Teresa Anne Ederer Fishman

Writing distance education: Select histories of distance education writing courses and their effects on ongoing distance education writing course pedagogy

Teresa Anne Ederer Fishman

  • School: Purdue University (0183)
  • Degree: Ph.D.
  • Date: 2002; pp: 209
  • Advisor: Sullivan, Patricia
  • Source: DAI-A 64/07, p. 2410, Jan 2004
  • Subjects: Education, History Of (0520); Language, Rhetoric And Composition (0681); Education, Language And Literature (0279); Education, Technology (0710)
  • ProQuest Document Number:
  • ISBN: 0-496-46736-6
  • UMI Number: AAT 3099143

Abstract:

    This dissertation examines the relationships between distance education (DE) and writing, focusing particularly on the ways in which DE writing courses have developed within specific institutional contexts and the ways in which writing, particularly with respect to its heuristic value, has been critical to the success and efficacy of DE courses. Throughout the history of American DE development, from its earliest manifestations when DE pioneers such as Anna Ticknor, William Rainey Harper, Louis Reber and others began conducting DE courses at prominent institutions including the University of Chicago, the University of Pennsylvania, the University of Iowa, and Penn State University, a number of issues related to writing and the teaching thereof have proven critical to the relative successes and failures of various DE courses and programs. By examining these programs and approaches, this study identifies seven key issues: access, interaction, flexibility, technology, standards for evaluation, quality, and writing, which have, historically, been focused upon by both DE’s proponents and its critics. It is argued here that attending to these issues and looking critically at the relative significance of each of them within particular institutional contexts, writing teachers will increase their ability to design DE writing courses that afford students more opportunities to engage in practices such as peer editing and group authorship that are valued within the Rhetoric and Composition professional community. A significant portion of this dissertation is devoted to the examination of the technologies that are essential, in DE, to overcome the separation of instructor and student.
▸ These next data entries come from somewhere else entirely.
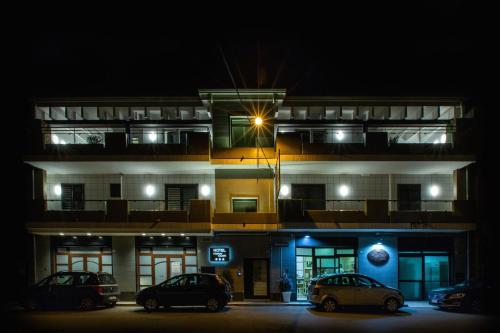 two cars parked in front of a building at night at Hotel New Bari in Bitritto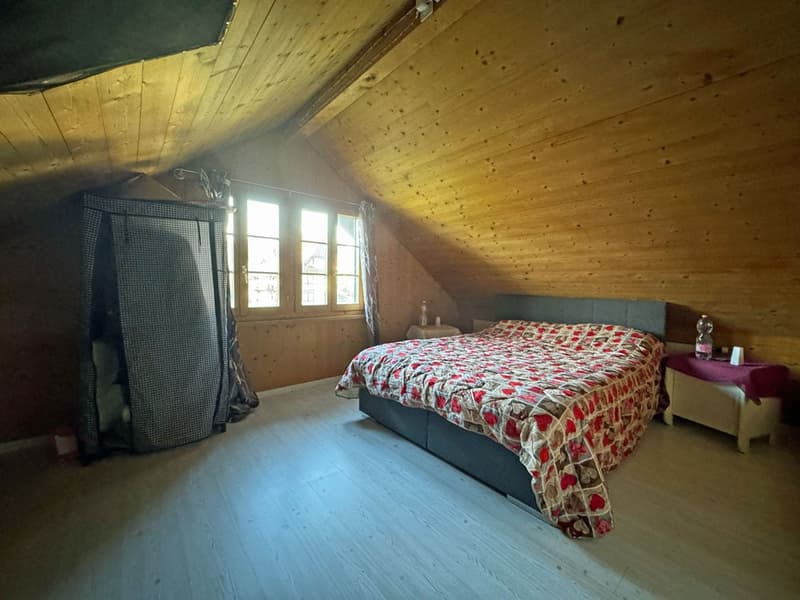 bedroom with wooden ceiling, bed, nightstand, window, and a curtain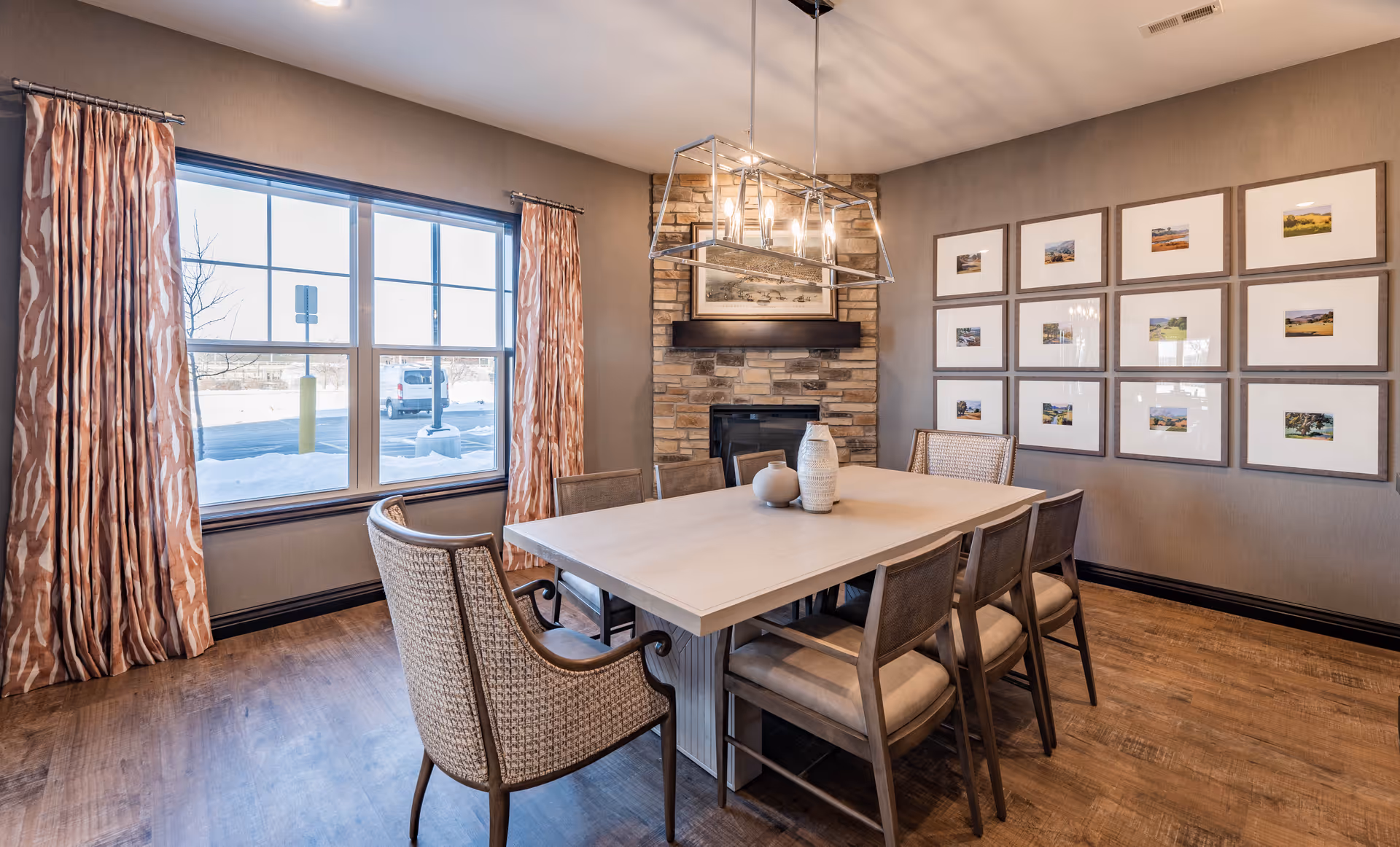 Interior dining room with a rectangular table surrounded by chairs, a stone fireplace, framed artwork on the wall, and a large window with patterned curtains.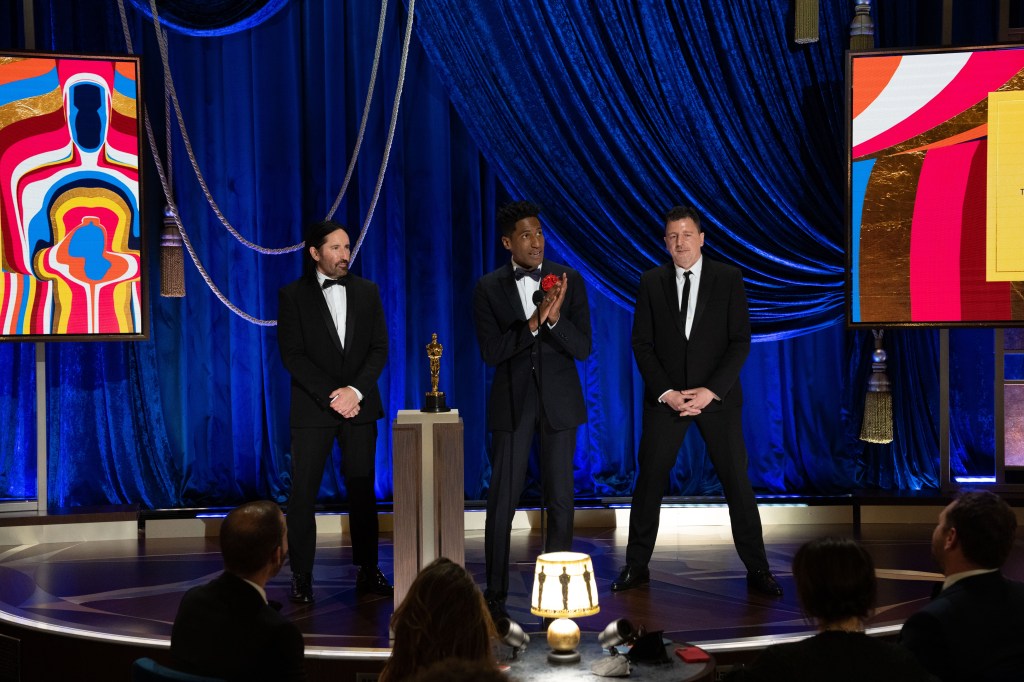Trent Reznor, Jon Batiste and Atticus Ross accept the Oscar for their Soul score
It is argued that while historically, technologies have been used in attempts to replicate classroom teaching; a more worthy goal would be to utilize technologies to promote the dialogic exchanges that mark many of the most successful DE enterprises. Particularly now, when DE educators have at their disposal an unprecedented variety of communications technologies, DE writing instructors have the opportunity to incorporate collaborative, recursive, and dialogic writing into their courses. As ever-greater numbers of writing professionals become involved in developing and conducting DE courses, this critical awareness becomes increasingly central to the discipline of Rhetoric and Composition.